La forza della metafisica classica sta nel mostrare che la potenza, pur non essendo atto, è reale: non un non-essere, ma un modo di essere ordinato all’atto. La debolezza del sistema severiniano, al contrario, sta nel concepire il non-apparire come un modo dell’essere che però, non essendo in alcun rapporto attuale con la manifestazione, è privo di determinatezza. Così, ciò che è detto “eterno” scivola in un limbo che è indistinguibile da un non-essere: un ente che non appare né come atto, né come potenza, ma come assenza. Severino, dunque, confonde due livelli. La potenza non è un “non-apparire”: è un essere in ordine all’apparire in atto. Il non-apparire severiniano non è ordinato a nulla: è semplice sospensione, uscita dalla sfera della presenza. In termini logici, la potenza è un “non-ancora-essere in atto”, mentre il non-apparire è un “non-essere in atto né in potenza”: il primo è principio reale, il secondo è assenza di presenza. Per questo il non-apparire si rivela contraddittorio, mentre la potenza è il segno della contingenza e della partecipazione. Inoltre, la distinzione aristotelico-tomista tra potenza e atto preserva la differenza tra essere assoluto e essere partecipato. Solo Dio, atto puro, non ha potenza. Gli enti finiti, invece, posseggono potenza perché non sono l’essere stesso, ma partecipano all’essere. Severino, eternizzando ogni ente, cancella questa differenza e attribuisce a ciascun ente la perfezione dell’atto puro.

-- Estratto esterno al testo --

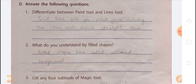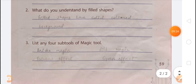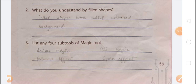Question 3: List any four sub-tools of the Magic tool. The Magic tool lets you add many special effects to your drawing. Its sub-tools help you draw different kinds of things easily. Any four are: 1) Bricks Magic, 2) Fill Magic, 3) Rainbow Effect, 4) Grass Effect. You can also mention Flower Magic. That's all for today — thank you!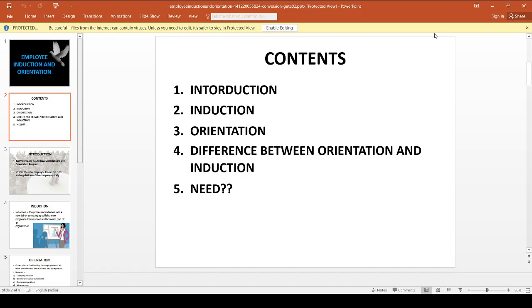This session contains an introduction to the topic, then Induction, Orientation, the difference between Orientation and Induction, and the need for an Induction and Orientation Program.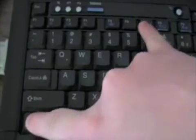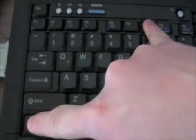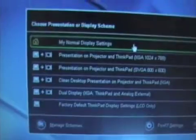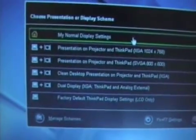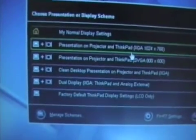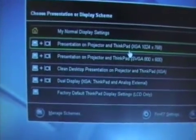On most brands, including Lenovo, you'll want to press the function key and the F7 key. On the Lenovos, this will bring up a menu where you'll choose the second option from the top.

Ora, così facendo non solo nega la contingenza, ma dissolve la gerarchia dell’essere, trasformando ogni cosa in un dio. La potenza, dunque, non è nulla e non è riducibile a un “non-apparire”. Essa è positiva realtà dell’ente, principio interno di divenire. L’apparire severiniano, viceversa, presuppone sempre un “non-apparire” che è contraddittorio, perché non ha statuto ontologico distinto dal nulla. L’uno apre al compimento, l’altro scivola nell’indeterminato. È questa la ragione per cui la metafisica classica, lungi dall’essere nichilistica, offre la sola vera difesa dell’essere contro il nulla: mostrare che il divenire è reale senza essere riducibile al nulla, e che solo l’atto puro è assoluta eternità.